As it turns out, “good enough” is precisely what multiple-choice exams are all about. Easy, mechanical grading is made possible by restricting possible answers, akin to a translator’s receiving four possible translations for a sentence. Not only would those four possibilities make the work of the translator much easier, but a smart translator – even one with a novice understanding of the translated language – could home in on the correct answer by recognizing awkward (or proper) sounding pieces in each possible answer. By restricting the answers to certain possibilities, multiple-choice questions provide a circumscribed realm of information, where subtle clues in both the question and the few answers allow shrewd test takers to make helpful associations and rule out certain answers (for decades, test-preparation companies like Kaplan Inc. have made a good living teaching students that trick). The “gaming” of a question can occur even when the test taker doesn’t know the correct answer and is not entirely familiar with the subject matter.

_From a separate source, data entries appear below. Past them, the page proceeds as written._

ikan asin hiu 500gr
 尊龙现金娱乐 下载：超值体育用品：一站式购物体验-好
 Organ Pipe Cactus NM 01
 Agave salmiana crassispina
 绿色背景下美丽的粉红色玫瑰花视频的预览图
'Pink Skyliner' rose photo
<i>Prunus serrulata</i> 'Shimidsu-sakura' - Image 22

Are there algorithms that might identify connections between a multiple-choice question and the correct answer, thus providing a means of effectively mining those billions of words suddenly accessible free to everyone with an Internet connection – a group that already includes many people with cellphones? To test the ratio of accurate to inaccurate historical information on the Web and to pursue the idea that machine reasoning might, as with the new computational translation services, provide “good enough” answers to historical questions, one of us, Daniel, created a software agent called “H-Bot.” On the Center for History and New Media Web site, we have a public beta test of that software that you can use to answer simple factual questions about history using natural language (http://chnm.gmu.edu/tools/h-bot). For instance, ask it, “Whenwas Nelson Mandela born?” It responds, “Nelson Mandela was born on July 18, 1918.” Although it has a fast mode that looks at “trusted sources” first (i.e., online encyclopedias and dictionaries), it can also use the entire Web to answer questions using algorithms drawn from computer science.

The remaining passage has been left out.